Ricore: Was war das Wichtigste, das Sie durch Devas Geburt gelernt haben?

Bellucci: Mein Baby hat mir gezeigt, was wahres Leben bedeutet. Wenn man Mutter ist, wird man schnell auf den Boden der Tatsachen zurückgeholt. Vor allem in meinem Beruf ist das hilfreich: Als Schauspielerin hebt man gerne mal ab.

Ricore: Um es mit Ihren Worten aus "Brothers Grimm" zu sagen: "Realität ist schlimmer als Fiktion".

Bellucci: Genau, und weil Sie gerade die Themen Realität und Fiktion anschneiden: Meinen beiden letzten Filmen "Die Passion Christi" und "Irreversibel" wurde vorgeworfen, dass sie zu gewalttätig und schockierend sind. Dabei machen wir doch mit Fiktion nichts anderes als die Realität zu portraitieren. Und die ist um einiges grausamer als unsere Filme. Wenigstens malen wir uns nur alles aus und machen es nicht wirklich.
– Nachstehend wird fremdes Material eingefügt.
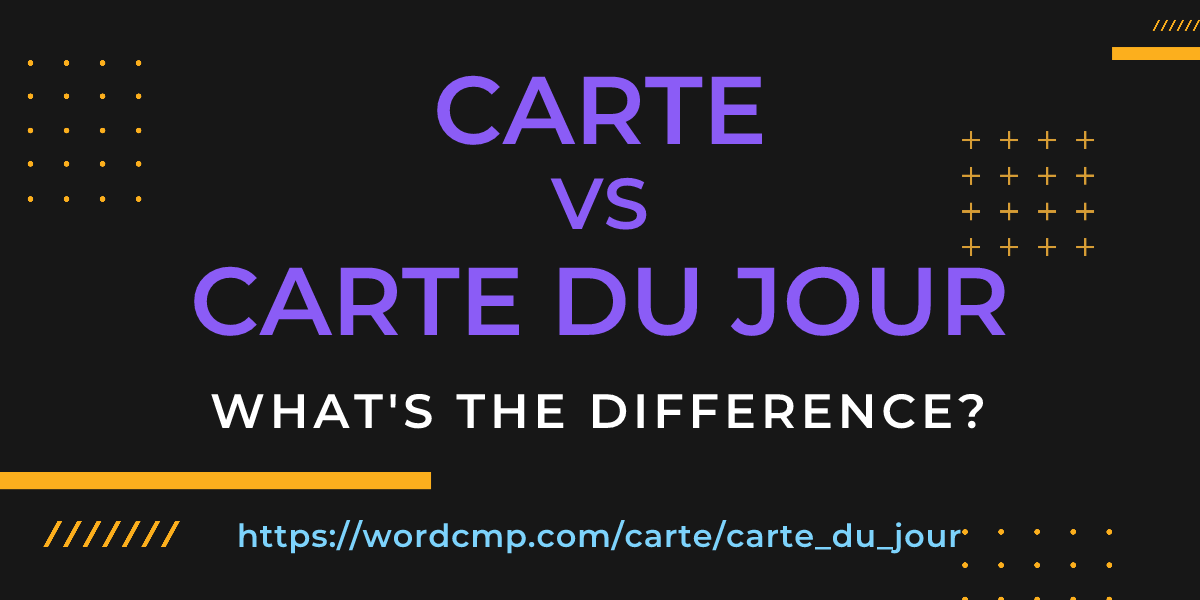 Difference between carte and carte du jour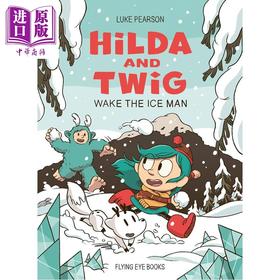 【中商原版】希尔达与巨人 Hilda and Twig Wake the Ice Man 英文原版 儿童探险漫画故事 桥梁漫画图画小说 进口童书 7岁以上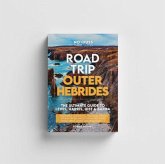 Road Trip Outer Hebrides - The Ultimate Guide To Lewis Harris Uist & Barra By Robbie Roams Road Trip Outer Hebrides - The Ultimate Guide To Lewis Harris Uist & Barra By Robbie Roams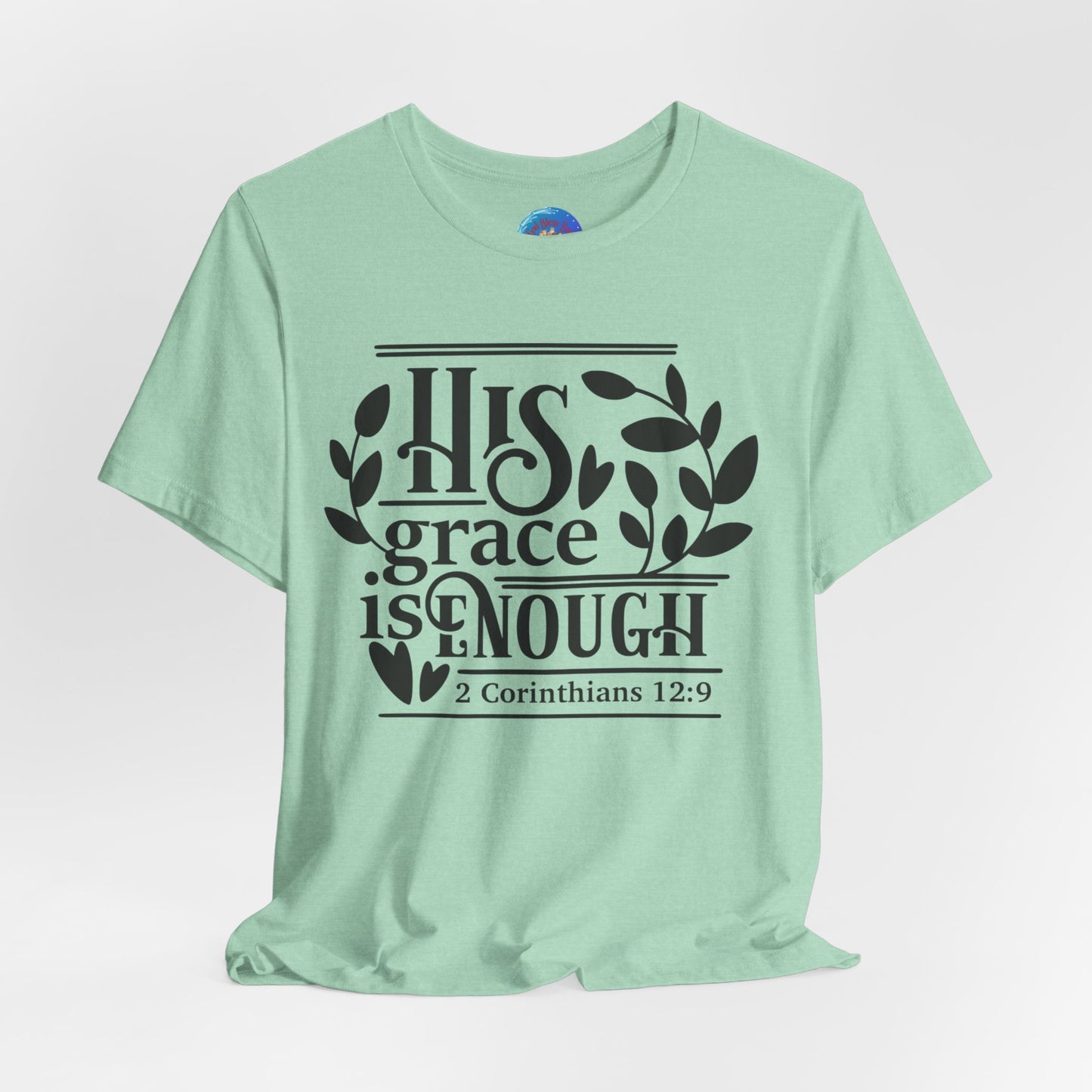 His Grace is Enough  - Unisex Jersey Short Sleeve Tee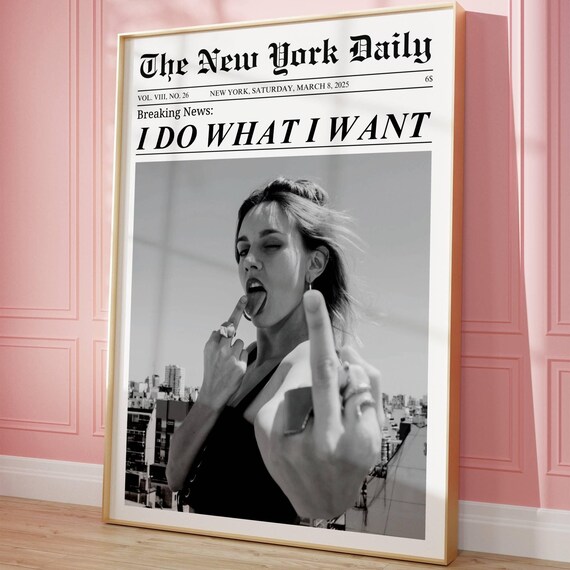 I Do What I Want Newspaper Headline Trendy Girl Dorm Room Poster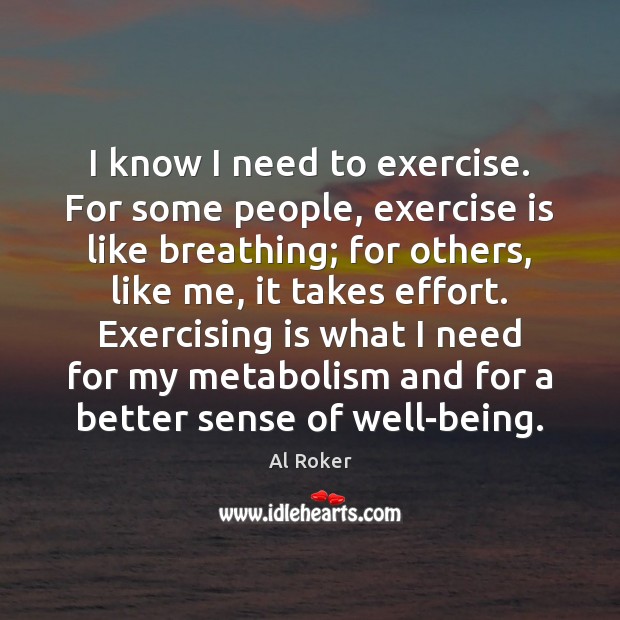 I know I need to exercise. For some people, exercise is like Al Roker Picture Quote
Ricore: Die Vergewaltigungsszene in "Irreversible" war so heftig inszeniert, dass Zuschauer sich übergeben mussten!

Bellucci: Ich habe nie behauptet, der Film wäre leichte Kost. Ich selbst kann ihn mir auch nicht öfter ansehen. Nichtsdestotrotz ist er in meinen Augen ein wichtiger Film.

Ricore: Über "Die Passion Christi" denken Sie ähnlich? Mel Gibson wurde auf der ganzen Welt des Antisemitismus beschuldigt.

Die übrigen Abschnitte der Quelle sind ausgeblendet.